Oh, yes. You'll be surprised. I mean, George Dixon's pushed Jack Warner right off a map. … I was out filming the other day and a man stopped in his car and asked me the way to a certain place. Fortunately I knew where he wanted to go, but I'm quite certain he'll never know that he wasn't talking to a real copper.
Presenter asks
Have you any particular ambition in show business, so far unfulfilled?
Well … I would like very much to do some more variety … but I would really like to have the thing turn full circle and be back in a West End play on the in the real theatre, you know? … That's what I'd like to do more than anything.
“I was mad about cars, because I got on from the sweeping up the floor to pulling it to pieces and so on and so forth. And I always remember one thing sticks in my mind about this. … There was one old mechanic there, he was always fond of drinking cups of tea and he always used to come and stand by me and watch me work, was I you know, I loved the job and I used to work pretty fast and he came up to me one day and he said, You know, He says, You don't want to work as hard as that, mate. It won't get you anywhere. Let's have another cup of tea.”

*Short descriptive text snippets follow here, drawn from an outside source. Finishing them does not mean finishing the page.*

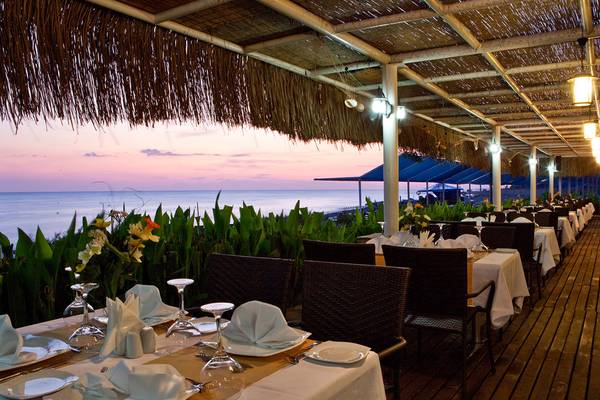 Abendessen auf der Terrasse im Crystal Admiral Resort mit Blick auf das Meer und gedeckten Tischen.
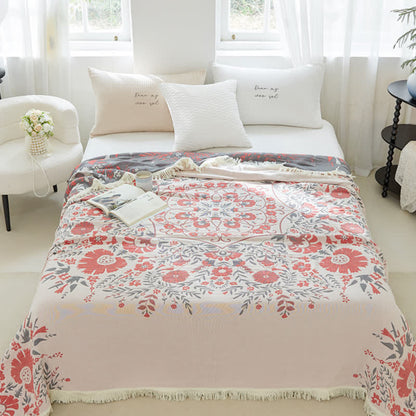 Couette double face en gaze de coton à motif floral jacquard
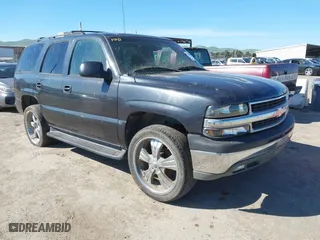 2004 Chevrolet Tahoe LS with VIN 1GNEC13VX4J209988, listed as a IAAI auction lot 41868400 with 256,191 mi miles. Bid and sale history available at carsss.com. Image 1.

“I was always torn between the two, torn between motor cars and torn between singing songs. In fact, I sold a lot of cars while telling funny stories.”
“And I had struggled to get to the top of the bill. And I got there the week the war broke out, so there were only about fifteen people in the theatre every night. That's my first week at the top of the bill. I asked them all to come and sit in the front row, you know.”

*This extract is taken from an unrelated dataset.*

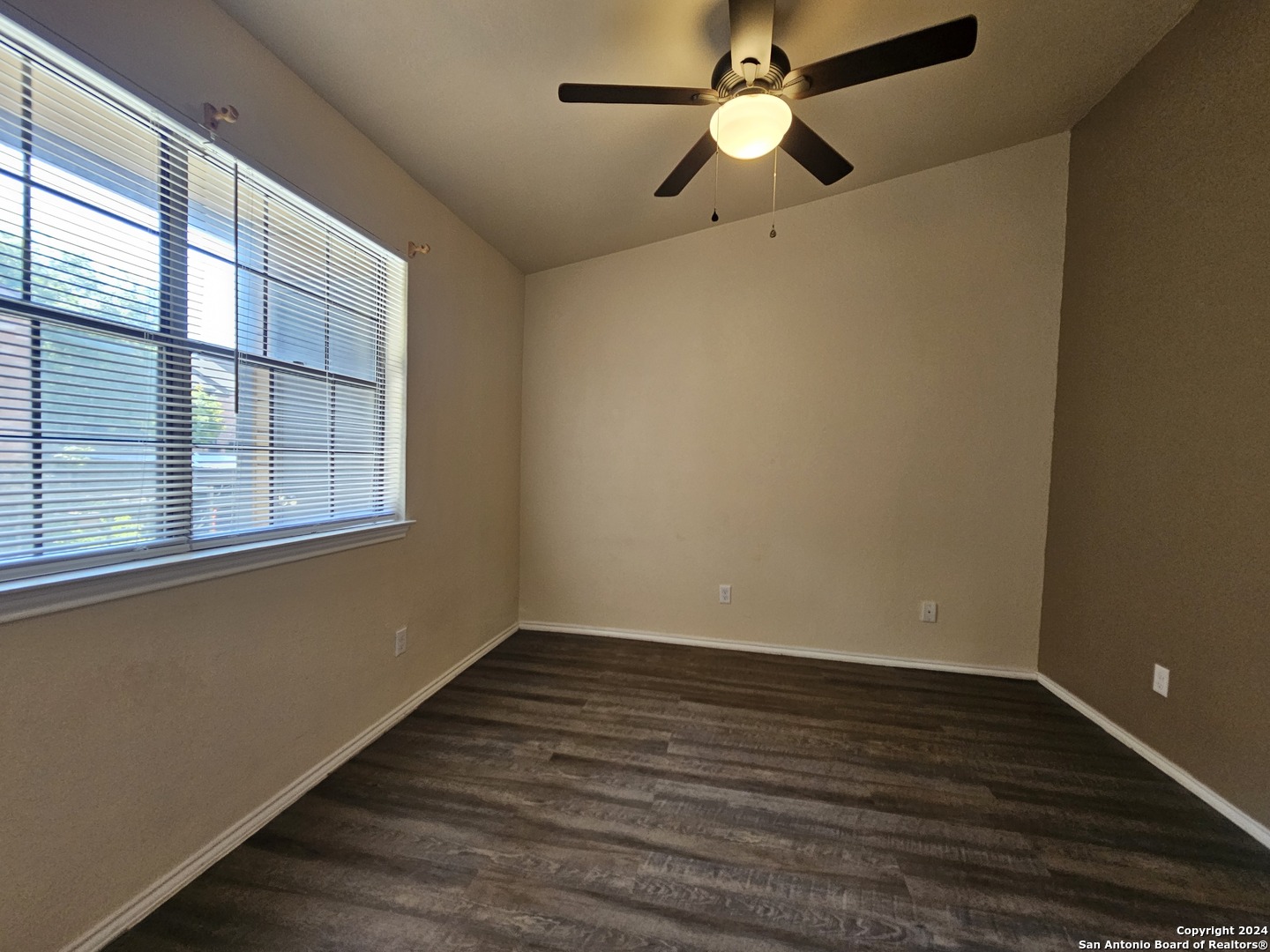 4803 Hamilton Wolfe Road, Unit 312 San Antonio, TX 78229 - Photo 11 of 13 a view of an empty room with wooden floor and a window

“I said, well I want to do this very much because I have a feeling that this this policeman, P C George Dixon, is going right to the end of this film and maybe a little further, I don't know, but honestly I didn't realise how prophetic those words were when I said them.”
“Oh, yes. You'll be surprised. I mean, George Dixon's pushed Jack Warner right off a map.”
“If I don't say them the following week, I get letters from the kiddies saying, Please will you say that again, as my brother Willie didn't hear it, and he takes more notice of you than he does of his father, that when it becomes a responsibility, you know.”